Given information.
----------
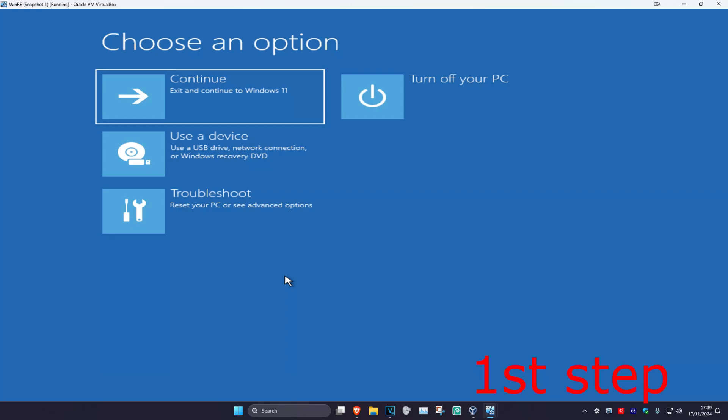For the first step you're going to get into this screen. To get here, turn off your computer from the power button and then turn it back on again. As it's turning on, quickly turn it off again and then turn it back on again. Repeat this three times and it will take you into this screen.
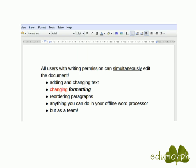To quickly sum up what people can do with Google Docs: the really interesting thing is that people can simultaneously edit the document. They can add and change text, change the formatting, reorder paragraphs — basically anything you can do with an offline word processor, but as a team.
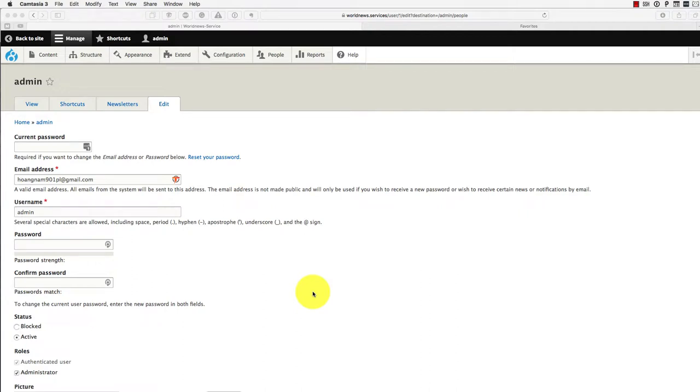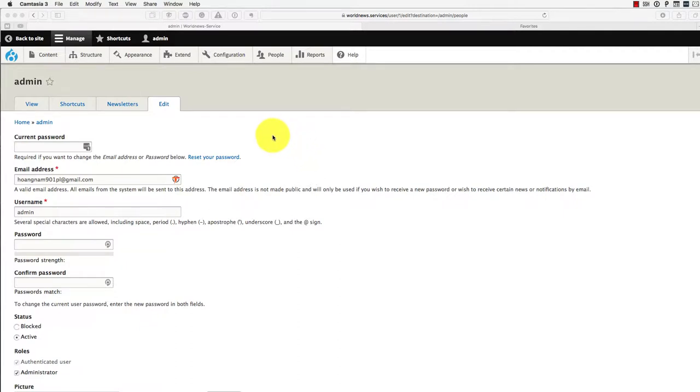In this short tutorial, we're going to work on creating a new user. I will explain to you why later on.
----------
Directions for this task. Transcribe the whole listing above exactly and leave out the pictures.

Answer to this exercise.
For the first step you're going to get into this screen. To get here, turn off your computer from the power button and then turn it back on again. As it's turning on, quickly turn it off again and then turn it back on again. Repeat this three times and it will take you into this screen.
To quickly sum up what people can do with Google Docs: the really interesting thing is that people can simultaneously edit the document. They can add and change text, change the formatting, reorder paragraphs — basically anything you can do with an offline word processor, but as a team.
In this short tutorial, we're going to work on creating a new user. I will explain to you why later on.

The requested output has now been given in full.